Short descriptive text snippets
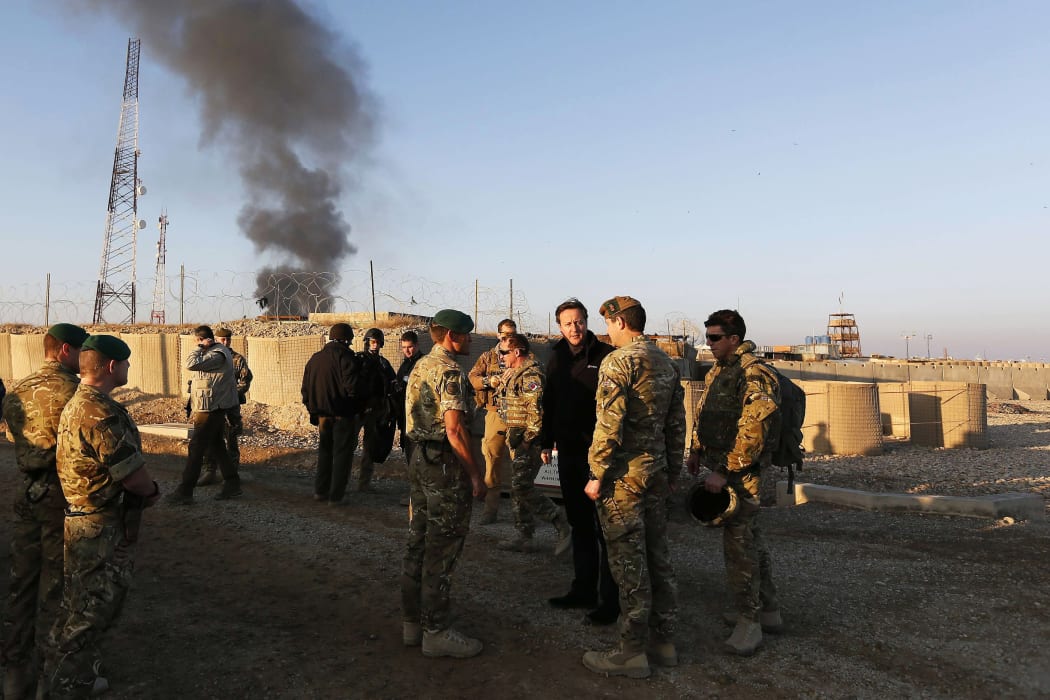 Britain's Prime Minister David Cameron speaks with British soldiers during a visit to Afghanistan in 2012.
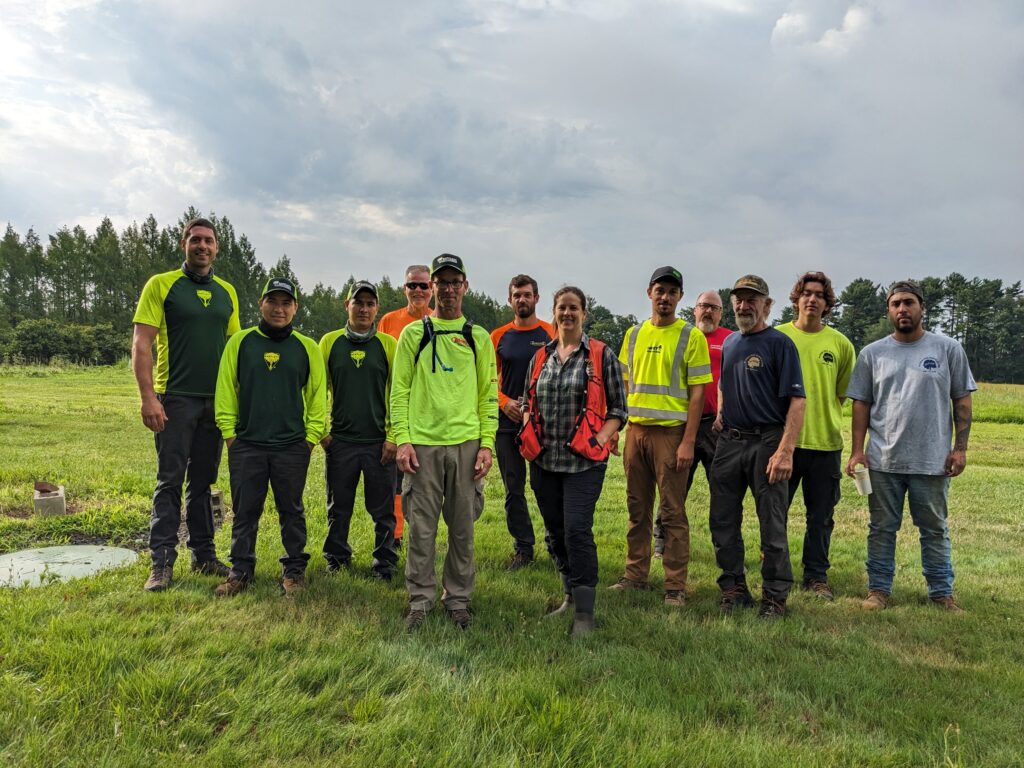 group of people standing in a field smiling at the camera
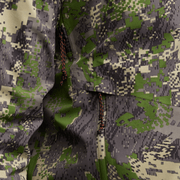 Green and gray camouflage Dew Point jacket close-up of front zipper and textured fabric.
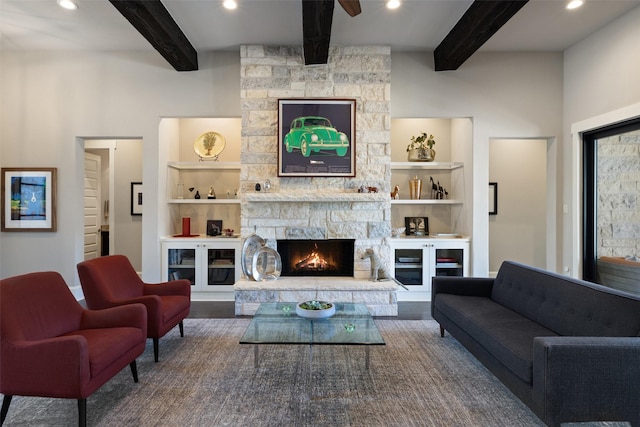 living room with hardwood / wood-style floors, beam ceiling, a stone fireplace, and ceiling fan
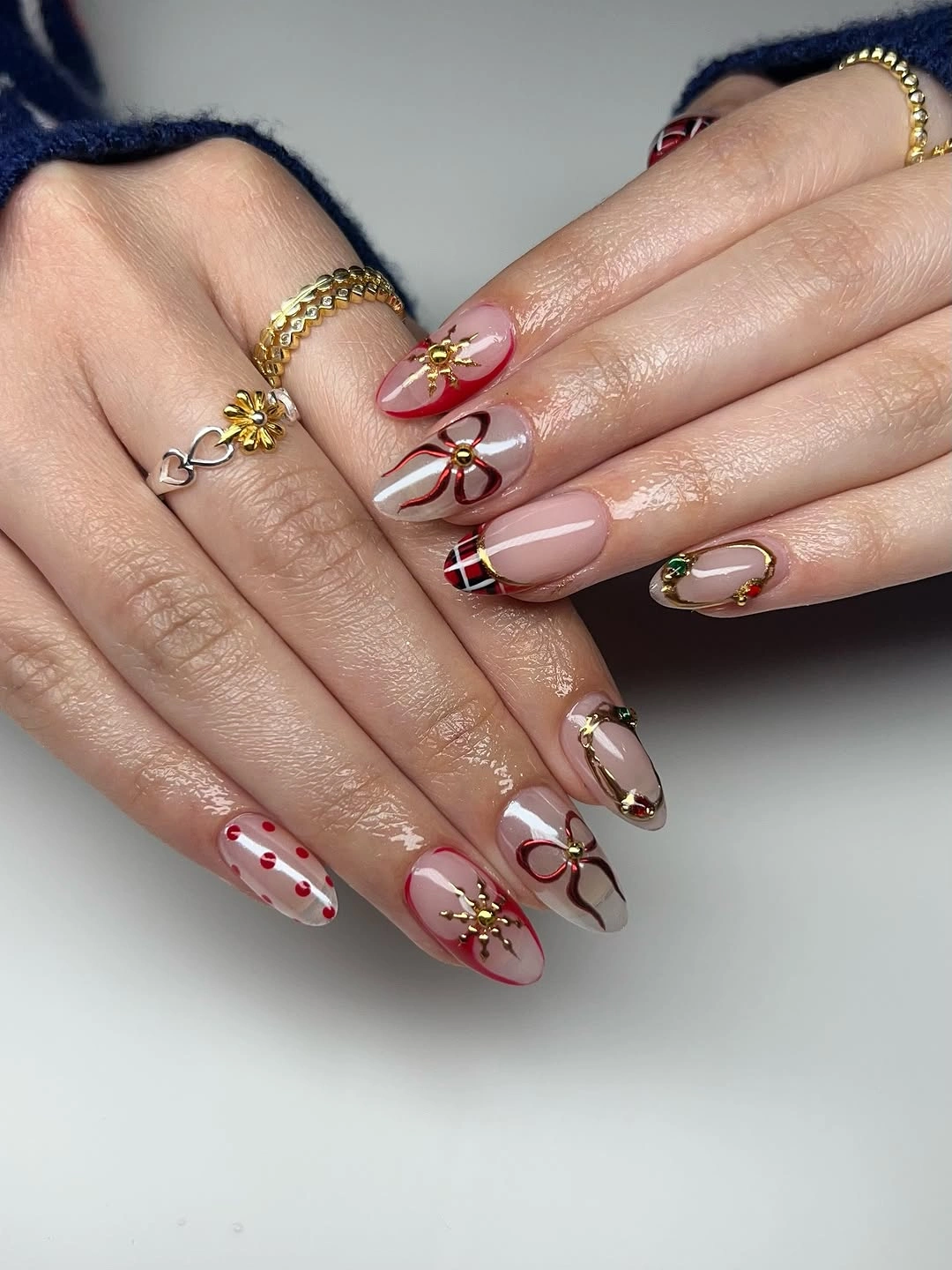 Nude pink square nails with white lines, stars, and dots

* **What is expected**
Each line from the one containing "living room with" through the final line of the data must be reproduced exactly, both ends included, with no pictures in the copy.

* **Your solution**
 living room with hardwood / wood-style floors, beam ceiling, a stone fireplace, and ceiling fan
 Nude pink square nails with white lines, stars, and dots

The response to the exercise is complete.